Dated: July 23, 2001.
William H. Taylor,
President, HMB Corporation, P.O. Box 15198, Portland, OR 97293.
Telephone: (503) 233-5321.
Order
Upon consideration of the Consent Agreement entered into between
Respondent HMB Corporation (``HMB'') and the staff of the Consumer
Product Safety Commission (``the staff'') (collectively ``the
parties'') and
The Consumer Product Safety Commission (``the CPSC'' or ``the
Commission'') having jurisdiction over the subject matter and HMB;
It is hereby ordered that:
1. The Consent Agreement between HMB and the staff is
incorporated herein by reference and accepted, and HMB shall comply
with all obligations of the Consent Agreement and this Order.

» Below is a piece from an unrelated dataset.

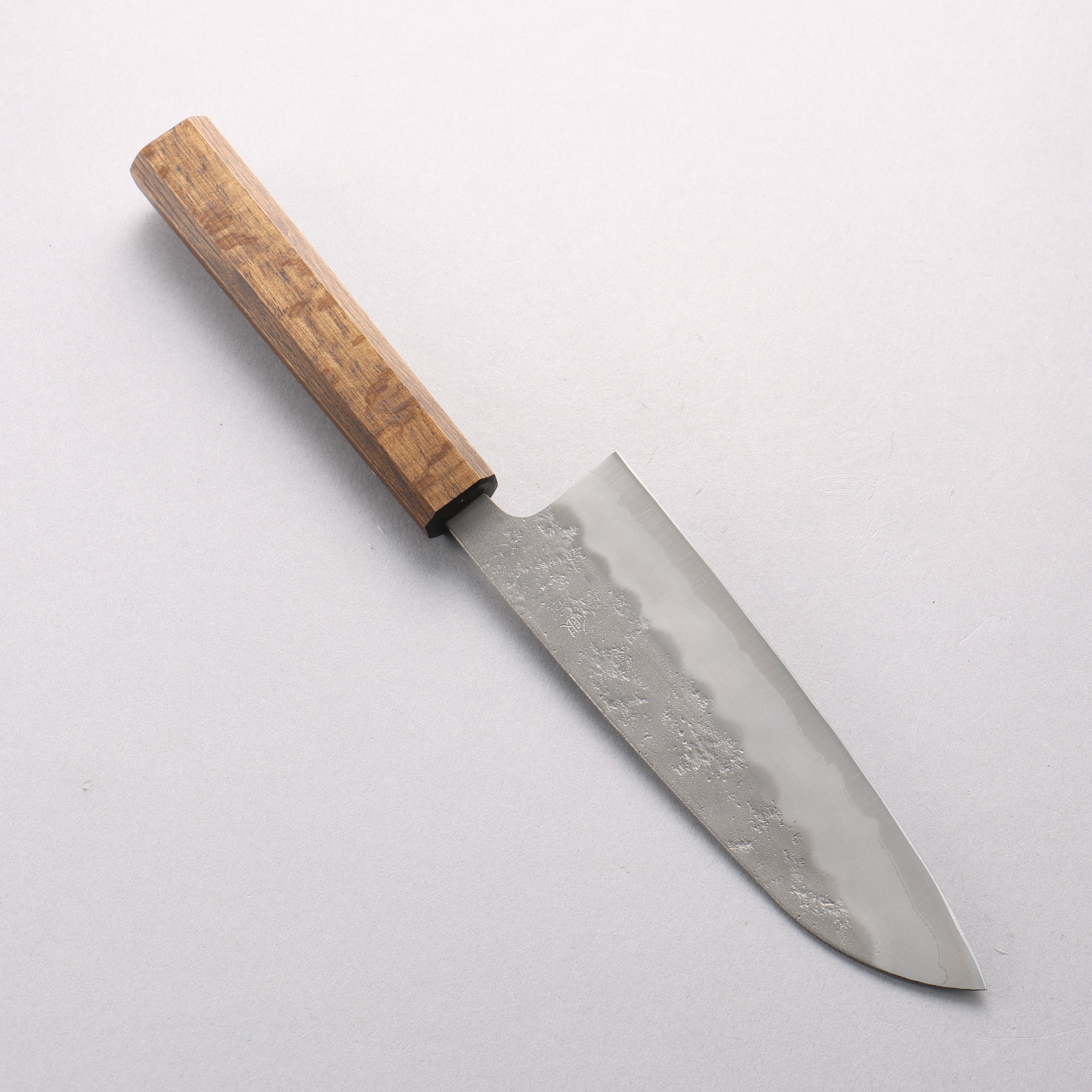 Oul Silver Steel No.3 Nashiji Santoku 165mm Oak (Baikoku / Soot Black) Handle - Japanny - Best Japanese Knife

2. Based on the Consent Agreement, the CPSC finds that the
Consent Agreement and this Order are necessary to protect the public
from the alleged hazard presented by Cadet's series FW, FX, LX, TK,
ZA, and Z in-wall electric heaters, and the functionally identical
heaters manufactured and distributed by Cadet under the Encore brand
name, including series RX, RLX, RK, RA, RW, and ZC. These heaters
shall hereinafter be collectively referred to as ``the Heaters.''
3. HMB shall pay into an escrow account (Chase Manhattan Trust
Company, National Association, Account #76609060682) established by
the staff and Cadet for the purpose of remedying the alleged hazard
posed by the heaters (``Escrow Account'') the sum of EIGHTY--SEVEN
THOUSAND FIVE HUNDRED DOLLARS ($87.500) upon the CPSC's final
acceptance of this Order.
4. HMB shall pay into the Escrow Account contingent
contribution(s) of an additional ($0.875) for every heater in excess
of three hundred and fifty thousand (350,000) heaters ordered by
consumers on or before February 17, 2002, under the Cadet Consent
Agreement and Order, which was approved by the CPSC on July 30, 1999
(``the Cadet Order''). HMB's contingent contribution(s) shall be
capped at EIGHTY--SEVEN THOUSAND FIVE HUNDRED DOLLARS ($87,500). HMB
shall pay contingent contributions quarterly within fifteen (15)
days of HMB's receipt of written notice from the staff of the number
of replacement heaters over 350,000 ordered by consumers on or
before February 17, 2002, and shipped by Cadet under the terms of
the Cadet Order.
5. The CPSC may authorize the distribution of the monetary
payments referred to in Paragraphs 3 and 4 above: (a) To offset
expenses directly related to Cadet's CPSC-approved Corrective Action
Plan; and/or (b) to otherwise remedy the alleged hazard posed by the
Heaters.
6. In addition to any penalty it may incur pursuant to Paragraph
14 of the Consent Agreement, if HMB fails to make timely
contributions to the Escrow Account, as required by Paragraphs 4 and
5 of this Order, HMB shall be liable for additional contributions to
the Escrow Account. Such additional contributions shall consist of
the following:
a. Interest at the percentage rate established by the Department
of the Treasury pursuant to 31 U.S.C. 3717, for any period after the
due date and
b. A five percent (5%) per month penalty charge if the deposit
is not made within thirty (30) days after the due date.
Provisionally accepted and Provisional Order issued on the 29th
day of August, 2001.
By order of the commission.
Todd A. Stevenson,
Acting Secretary, Consumer Product Safety Commission.